『GOTH』

GOTH (角川コミックス・エース)

 ごすと言えば今ではごっすんごっすん五寸釘ですけど、かつては乙一という作家がミステリー大賞を受賞した妖怪大戦争小説のことをを指したのですよという老人のたわ言は本当ですかコミカライズ。大岩ケンヂさんの漫画は初めてですけど、やっぱりいい絵を描きますね。

 ヒロイン森野さんのなんちゃってミステリアス少女っぷりが非常に魅力的で、これだけでもうお腹いっぱいです。なんか神秘的な雰囲気をたたえた深遠な理知を隠しているかに見えて、回を追うごとに実は特に何も考えていないことがどんどん顕わになっていき、ていうかこの子あたま悪いんちゃう? ストレートにバカ? カマトトの反対? そしてそのくせ知ったようなポーカーフェイスっぷり、ちょっと変な感性の美少女は黙ってれば勝手に信仰を集められるという性質を体現したとっても素敵なヒロインでした。

埋めてみたくて……埋めました

 それにしても、このセリフがやっぱり印象的。原作を読んだときも、同じところが強く印象に残っていました。
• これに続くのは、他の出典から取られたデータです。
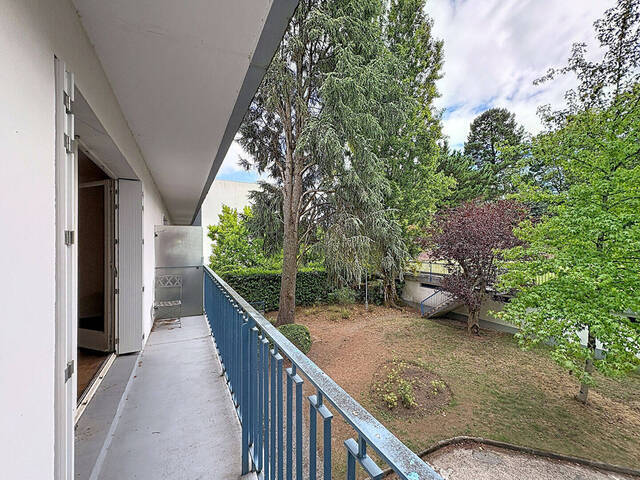 Vente Appartement 4 pièces 105.91 m² Nantes 44100 Canclaux - Mellinet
 作者自身の言葉にもあるように、基本的にこの作品のサイコさんたちには内面がありません。こう行動させたら危ない奴に「見える」という、あくまで外面だけが考えられています。そういった作品だからこそ、一瞬だけ垣間見えるハリボテのその「中見」に、何かを感じてしまったのかもしれません。